Veggie Restaurants Unite! Cafe Gratitude Helps RAWvolution
Categories: Food & Nutrition
Café Gratitude, a wildly popular organic vegan (mostly raw food) restaurant chain with locations sprinkled across the California coast, is a favorite foodie destination for celebrities like Emily Blunt, Jake Gyllenhaal and Rashida Jones. But Café Gratitude is more than just a place to see and be seen. Founders Matthew and Terces Engelhart pride themselves on the restaurant’s use of a business practice called “Sacred Commerce” that focuses on building a spiritual community at the workplace. They even wrote a book about it! (See Sacred Commerce: Business as a Path of Awakening.)
Now Café Gratitude is taking its mission of “a world of plenty” to a whole new level.

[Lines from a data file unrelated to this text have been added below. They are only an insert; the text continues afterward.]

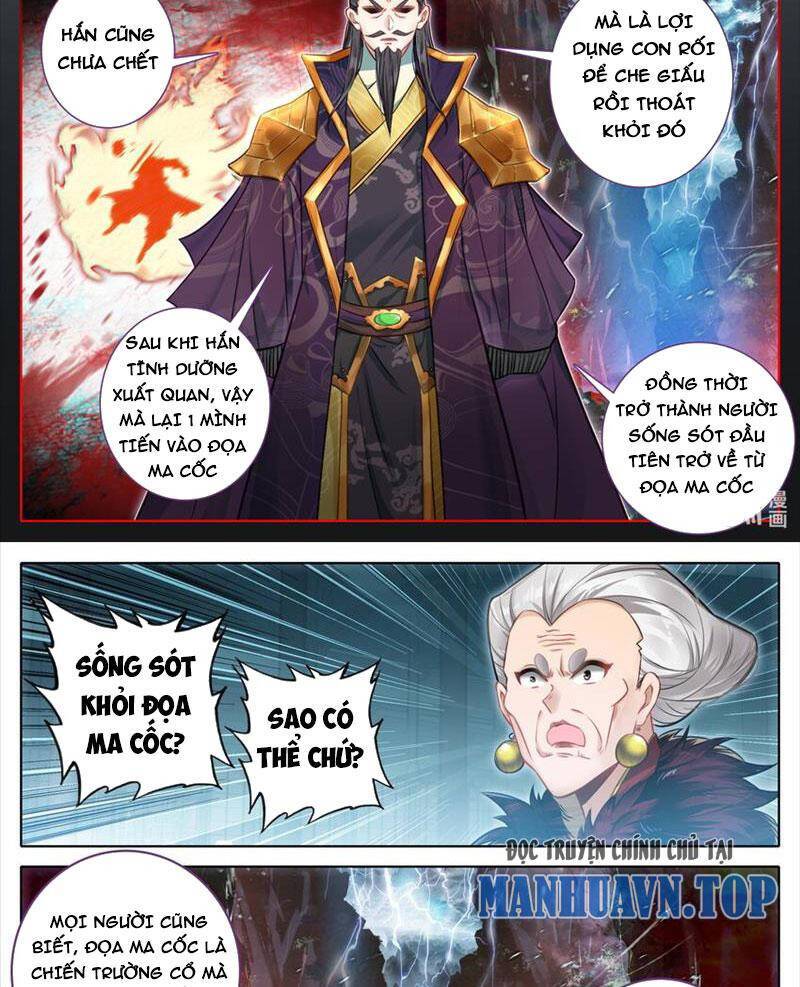 Phàm Nhân Tu Tiên: Chapter 319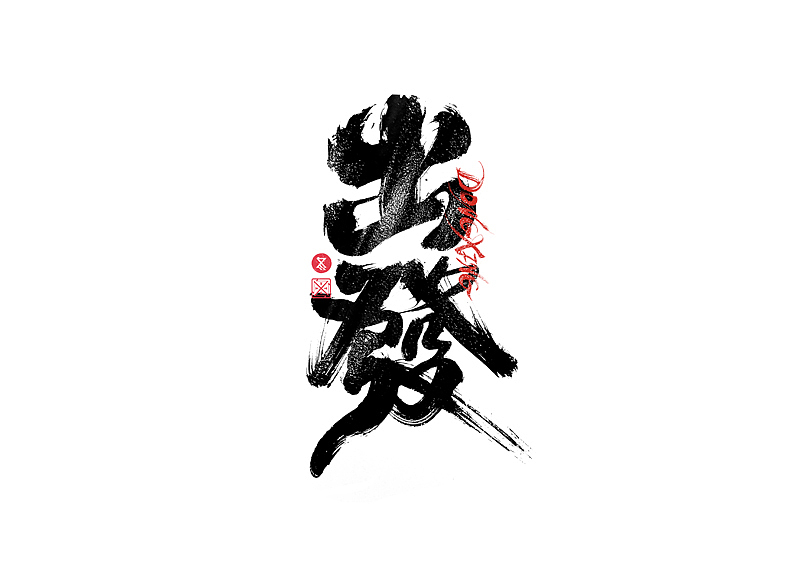 书法字体设计｜第227回（图ZMzI2NTc0ODg4） - 字体/字形 - 站酷设计师冬兴原创素材 - 站酷ZCOOL
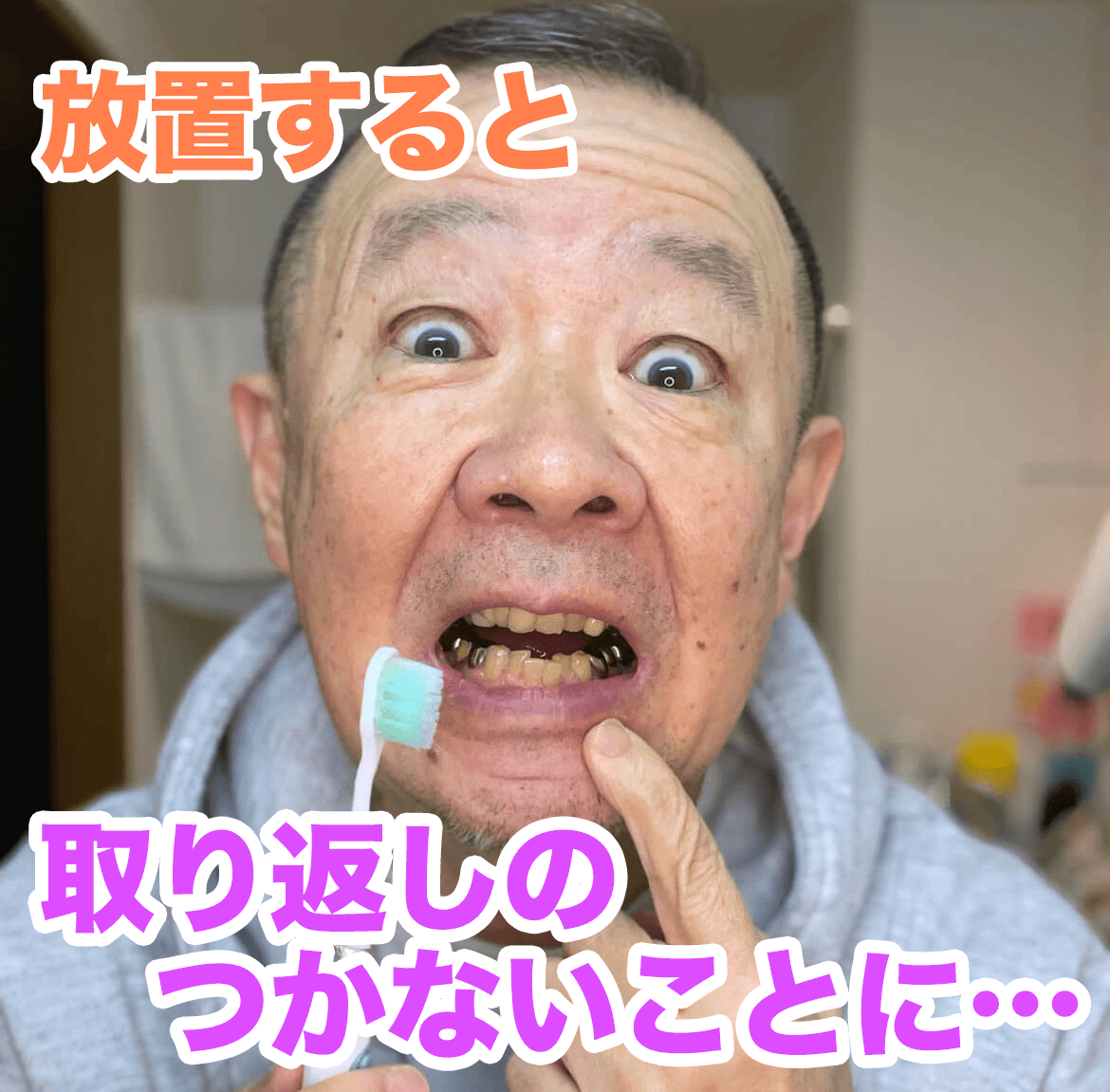 取り返しがつかない歯
                        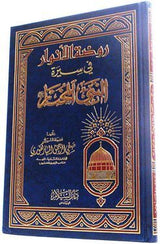 روضة الانوار في سيرة النبي المختار (مجلد) Rawdatul Anwar (DS)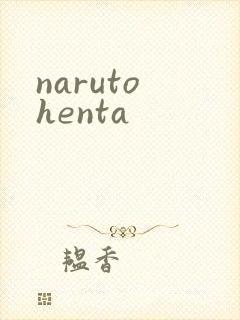 naruto henta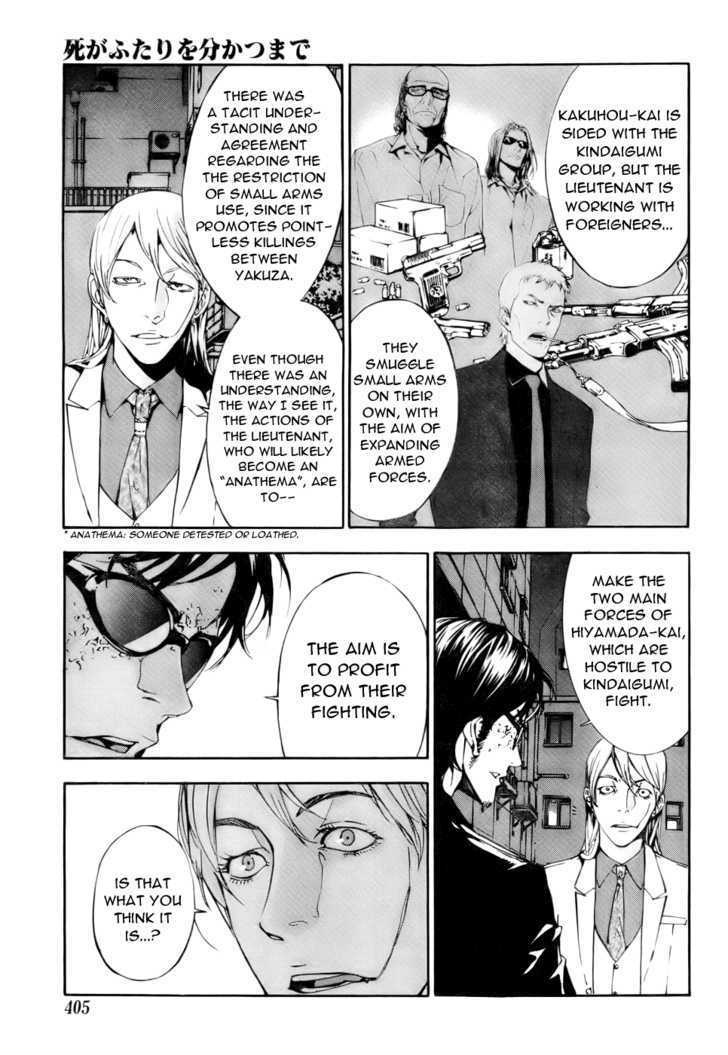 Until Death Do Us Part Chapter 81 #17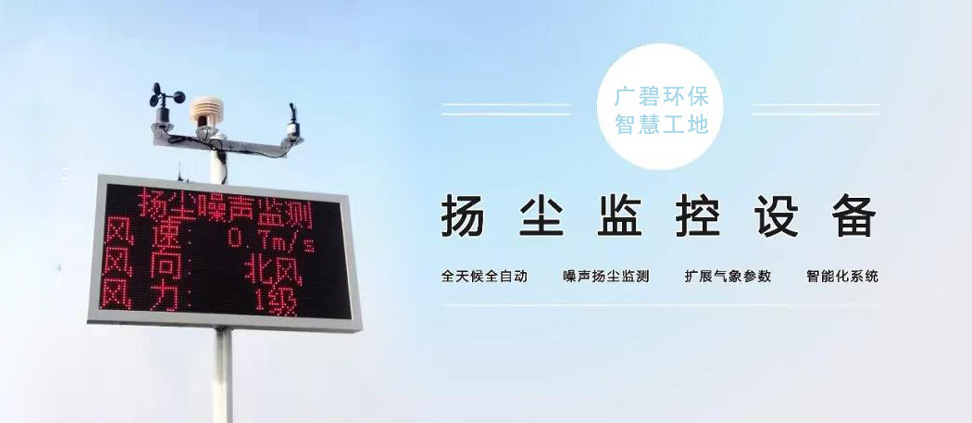 環(huán)境檢測報告中的常見問題有哪些？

To help save their rival raw vegan dining establishment RAWvolution that is in dire straits, Café Gratitude Venice will donate the profits from their bestselling Gratitude Bowls purchased during the first week in March to RAWvolution. When asked why they’ve chosen to support the competition, Ryland Engelhart, the owner and general manager Café Gratitude Venice said, “There is strength in numbers, so we say the more the merrier when it comes to places to get delicious, organic food.”
We applaud Café Gratitude for lending a helping hand. If you’re in the Los Angeles area this week, consider stopping by Café Gratitude or RAWvolution to grab a bite. If you don’t live in L.A., think about preparing a Gratitude Bowl at home. Here’s a delicious-sounding recipe from I Am Grateful: Recipes and Lifestyle of Cafe Gratitude that packs a nutritious punch!
I Am Whole “MACRO” BOWL
For each serving you will need the following:
¾ cup shredded kale
1 cup cooked rice/quinoa or I Am Wholehearted RAW VEGGIE RICE (see recipe below)

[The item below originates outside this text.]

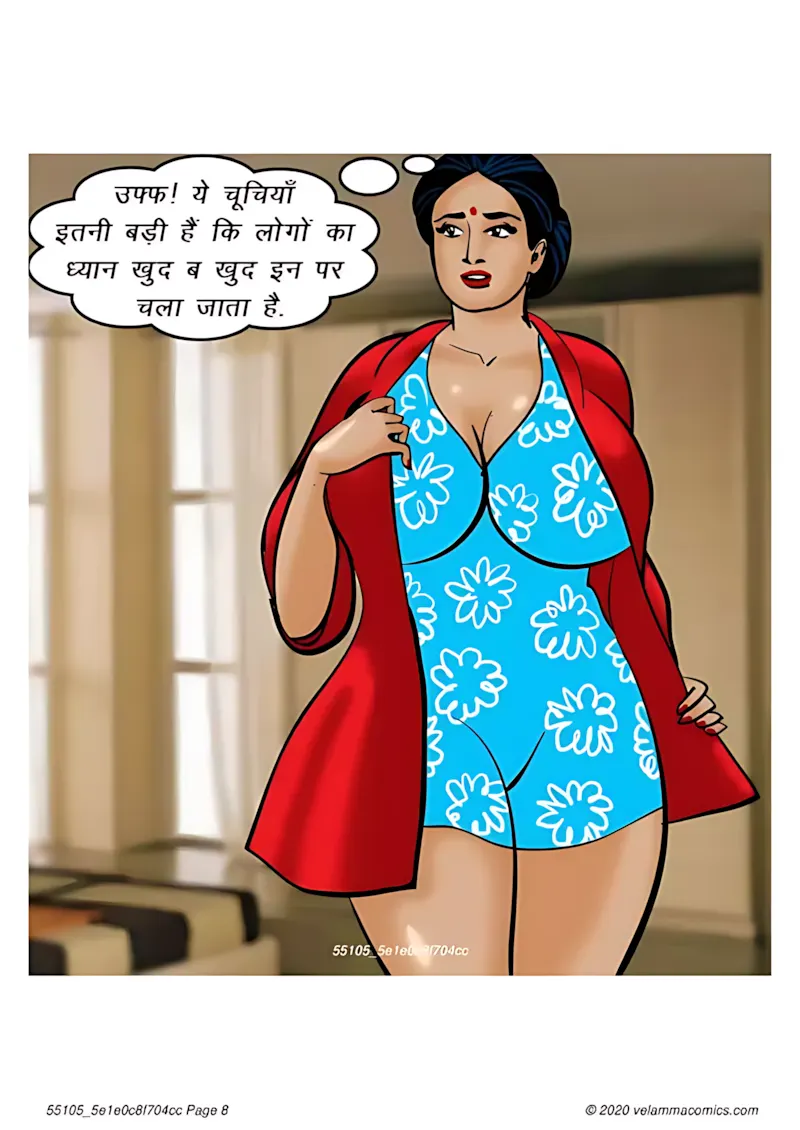 Velamma Hindi Episodes – वेलम्मा हिंदी - 66. Velamma Episode 66 Hindi – Baiman Dil (बेईमान दिल) - Page 8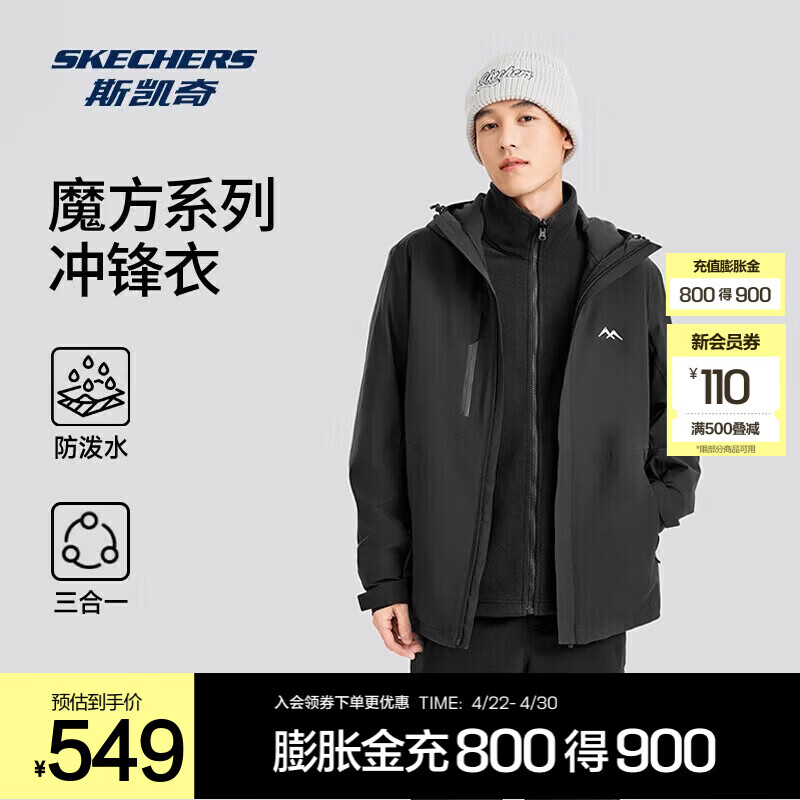 斯凯奇（Skechers）魔方系列丨户外冲锋衣男女同款三合一防风防水登山服外套摇粒绒衣 男款-荒野黑/0018 S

⅓ cup I Am Alive KIM CHEE (see recipe below)
¼ cup sprouts
¼ cup grated carrots
To assemble, layer all ingredients in a bowl in the order they appear above.
I Am Whole-Hearted RAW VEGGIE RICE
Makes 2 cups “rice”
10 ounces parsnips or celery root (before peeling)
¼ cup pine nuts
1 pinch finely chopped garlic
Salt and white pepper to taste
Peel and grate the celery root. Spread onto a chopping board and cut into shorter, more rice-like segments. Finely chop or mash the garlic and pine nuts almost into a paste. Toss this with the root rice and add salt and pepper to taste. Dehydrate 10–30 minutes at 115° to achieve a softer texture.
I Am Alive HOMEMADE SAUERKRAUT AND KIM CHEE
Makes about 16 cups Sauerkraut
2 heads green or purple cabbage, or a mixture (purple cabbage will turn your kraut pink)
2 tablespoons salt
2 tablespoons caraway seeds (optional)
or . . .
Makes about 16 cups Kim Chee*
2 large heads cabbage: Napa, green, or purple, or a mixture (purple cabbage will turn your Kim Chee pink)
2 large carrots
¾ pound daikon radish
½ pound burdock root
1 red sweet bell pepper
2 tablespoons salt
½ cup minced ginger
3 tablespoons minced garlic
3 minced jalapeños
1 bunch scallions, sliced on the bias
1 ounce hijiki (optional)
* Kim chee is very flexible. I like to cut all my veggies a little differently so in the end they are distinguishable. For instance, the carrots could be cut into half moons, burdock sliced on the bias, sweet pepper julienned, and the daikon full moons. The variations on kim chee and sauerkraut are endless, and the boundaries can overlap. You can add apples and onions to kraut, and fruits such as pineapple, firm peaches, and other stone fruits, flowering vegetable tops, radishes, or wild greens that grow in your area to kim chee.
Note: This makes a medium-spicy kim chee.